Dr. Kuiken hangen zulke opmerkingen waarschijnlijk de keel uit.
Alle kuikens piepen, maar piepkuikens piepen wel anders, want zij zijn de kuikens die rijp voor de slacht zijn.
Hoe harder een voertuig rijdt, hoe harder z’n remmen piepen.
Hoe langzamer men in een auto rijdt, hoe makkelijker men remt.

De kraai is druk in de weer, want zo zijn ze, altijd bezig

Mensen remmen tegenwoordig ineens weer voor zebrapaden, zo maakte ik de afgelopen dagen meerdere keren mee.
Vrijdag liep er een studente uit de apotheek bij het Overwinningsplein.
Een student is in deze tijd eenvoudig te herkennen aan de fiets met blauwe voorband.
Op het stuur van de fiets zat een kraai. Druk in de weer, want zo zijn ze, kraaien, er is altijd wel wat te doen.
‘Nee’, gilt het meisje, als de kraai de vleugels neemt.
‘Hij heeft m’n lampje gepikt, m’n fietslampje.’

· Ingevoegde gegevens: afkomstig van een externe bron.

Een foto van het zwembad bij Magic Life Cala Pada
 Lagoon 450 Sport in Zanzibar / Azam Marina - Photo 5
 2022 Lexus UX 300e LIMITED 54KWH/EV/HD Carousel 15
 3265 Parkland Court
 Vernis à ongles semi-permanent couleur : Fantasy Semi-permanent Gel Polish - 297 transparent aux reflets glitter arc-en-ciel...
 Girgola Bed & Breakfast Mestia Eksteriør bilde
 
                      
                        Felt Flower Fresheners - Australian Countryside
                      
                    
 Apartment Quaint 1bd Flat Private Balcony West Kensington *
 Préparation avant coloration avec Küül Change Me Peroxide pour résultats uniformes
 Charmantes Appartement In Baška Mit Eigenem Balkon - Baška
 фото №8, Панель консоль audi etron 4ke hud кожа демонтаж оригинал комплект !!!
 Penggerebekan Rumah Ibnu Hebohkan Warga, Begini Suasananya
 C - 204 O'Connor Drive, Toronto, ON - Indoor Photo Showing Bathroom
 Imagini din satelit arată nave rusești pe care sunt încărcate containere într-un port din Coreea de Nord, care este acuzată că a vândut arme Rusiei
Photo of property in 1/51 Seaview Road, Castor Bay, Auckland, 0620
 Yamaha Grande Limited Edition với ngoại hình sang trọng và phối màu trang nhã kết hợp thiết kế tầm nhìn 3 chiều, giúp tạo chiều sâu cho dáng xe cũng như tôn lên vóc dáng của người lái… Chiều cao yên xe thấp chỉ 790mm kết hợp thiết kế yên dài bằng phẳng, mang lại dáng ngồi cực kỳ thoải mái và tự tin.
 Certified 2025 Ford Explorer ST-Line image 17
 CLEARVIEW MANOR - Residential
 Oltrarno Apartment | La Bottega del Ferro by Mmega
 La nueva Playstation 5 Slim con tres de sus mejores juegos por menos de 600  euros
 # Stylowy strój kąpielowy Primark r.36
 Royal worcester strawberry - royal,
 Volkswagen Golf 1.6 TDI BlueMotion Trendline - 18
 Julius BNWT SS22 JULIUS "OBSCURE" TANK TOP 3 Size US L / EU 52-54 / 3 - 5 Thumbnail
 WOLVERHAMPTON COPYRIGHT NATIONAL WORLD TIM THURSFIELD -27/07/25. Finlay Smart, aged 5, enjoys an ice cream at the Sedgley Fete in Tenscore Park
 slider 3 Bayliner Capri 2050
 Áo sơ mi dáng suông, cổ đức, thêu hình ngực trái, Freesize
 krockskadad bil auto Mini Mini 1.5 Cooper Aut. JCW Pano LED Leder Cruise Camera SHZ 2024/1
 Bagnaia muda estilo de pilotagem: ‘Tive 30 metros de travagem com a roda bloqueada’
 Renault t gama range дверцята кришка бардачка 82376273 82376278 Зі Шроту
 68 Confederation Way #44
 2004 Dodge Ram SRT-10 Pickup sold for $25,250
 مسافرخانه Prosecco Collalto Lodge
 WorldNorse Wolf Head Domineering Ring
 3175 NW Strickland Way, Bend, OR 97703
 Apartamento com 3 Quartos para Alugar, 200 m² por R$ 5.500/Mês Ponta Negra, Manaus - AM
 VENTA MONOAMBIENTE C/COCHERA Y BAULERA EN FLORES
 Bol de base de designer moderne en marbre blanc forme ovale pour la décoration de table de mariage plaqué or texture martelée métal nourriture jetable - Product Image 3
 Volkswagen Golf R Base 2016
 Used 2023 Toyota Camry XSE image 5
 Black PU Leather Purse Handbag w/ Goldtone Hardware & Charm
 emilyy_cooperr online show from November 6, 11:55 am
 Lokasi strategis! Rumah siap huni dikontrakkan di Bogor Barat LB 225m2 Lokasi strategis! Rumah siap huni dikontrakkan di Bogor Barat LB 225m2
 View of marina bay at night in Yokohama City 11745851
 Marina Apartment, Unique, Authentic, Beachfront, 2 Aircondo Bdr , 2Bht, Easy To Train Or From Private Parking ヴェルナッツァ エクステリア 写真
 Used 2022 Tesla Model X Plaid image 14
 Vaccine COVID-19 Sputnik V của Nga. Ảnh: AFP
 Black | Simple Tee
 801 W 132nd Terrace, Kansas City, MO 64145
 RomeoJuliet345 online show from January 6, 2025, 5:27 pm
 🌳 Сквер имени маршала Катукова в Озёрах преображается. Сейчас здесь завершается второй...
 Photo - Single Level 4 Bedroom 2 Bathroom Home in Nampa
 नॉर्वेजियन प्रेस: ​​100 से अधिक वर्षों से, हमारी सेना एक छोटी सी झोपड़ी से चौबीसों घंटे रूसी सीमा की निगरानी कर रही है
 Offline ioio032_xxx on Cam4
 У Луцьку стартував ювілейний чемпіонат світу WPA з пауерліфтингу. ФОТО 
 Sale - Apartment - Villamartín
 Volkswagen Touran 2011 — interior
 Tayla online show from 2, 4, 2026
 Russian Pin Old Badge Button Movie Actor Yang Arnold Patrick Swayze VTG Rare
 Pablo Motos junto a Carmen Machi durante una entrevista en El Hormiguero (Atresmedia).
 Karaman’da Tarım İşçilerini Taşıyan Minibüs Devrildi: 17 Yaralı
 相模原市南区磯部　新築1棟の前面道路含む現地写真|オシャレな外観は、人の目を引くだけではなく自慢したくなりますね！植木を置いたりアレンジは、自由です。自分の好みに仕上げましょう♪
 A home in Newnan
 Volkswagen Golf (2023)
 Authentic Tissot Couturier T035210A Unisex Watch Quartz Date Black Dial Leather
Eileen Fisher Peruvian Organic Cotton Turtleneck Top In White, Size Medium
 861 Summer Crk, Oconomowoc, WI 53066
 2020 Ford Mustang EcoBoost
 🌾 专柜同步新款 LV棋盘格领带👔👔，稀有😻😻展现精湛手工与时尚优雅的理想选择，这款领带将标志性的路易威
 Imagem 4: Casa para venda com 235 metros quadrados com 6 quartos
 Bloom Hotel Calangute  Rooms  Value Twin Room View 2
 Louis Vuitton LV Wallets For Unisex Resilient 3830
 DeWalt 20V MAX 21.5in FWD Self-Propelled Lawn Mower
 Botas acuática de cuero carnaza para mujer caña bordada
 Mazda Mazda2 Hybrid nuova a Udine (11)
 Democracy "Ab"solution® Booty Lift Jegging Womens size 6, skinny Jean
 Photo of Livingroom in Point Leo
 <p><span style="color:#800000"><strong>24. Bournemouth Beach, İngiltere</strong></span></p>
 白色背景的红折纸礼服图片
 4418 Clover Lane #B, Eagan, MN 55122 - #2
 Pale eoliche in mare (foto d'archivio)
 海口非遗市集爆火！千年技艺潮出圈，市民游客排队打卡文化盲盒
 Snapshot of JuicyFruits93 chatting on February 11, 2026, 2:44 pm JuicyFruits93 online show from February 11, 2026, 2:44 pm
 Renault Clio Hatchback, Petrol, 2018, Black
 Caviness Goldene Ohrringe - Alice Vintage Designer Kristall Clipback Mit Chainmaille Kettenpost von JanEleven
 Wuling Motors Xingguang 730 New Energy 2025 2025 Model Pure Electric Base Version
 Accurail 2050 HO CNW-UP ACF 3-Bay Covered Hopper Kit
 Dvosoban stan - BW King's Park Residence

De kraai wiekt naar veiliger hoogte.
‘Ongelofelijk, hoe doet-ie dat? Met elastiek en al. Shit, shit, shit.’
Nou, nou, denk ik, zo erg is dat toch ook weer niet?
‘Shit, dit geloof je echt niet. Net m’n mobiel niet snel genoeg gepakt. Als ik dit had kunnen filmen, jongen! Dan was ik viral gegaan.’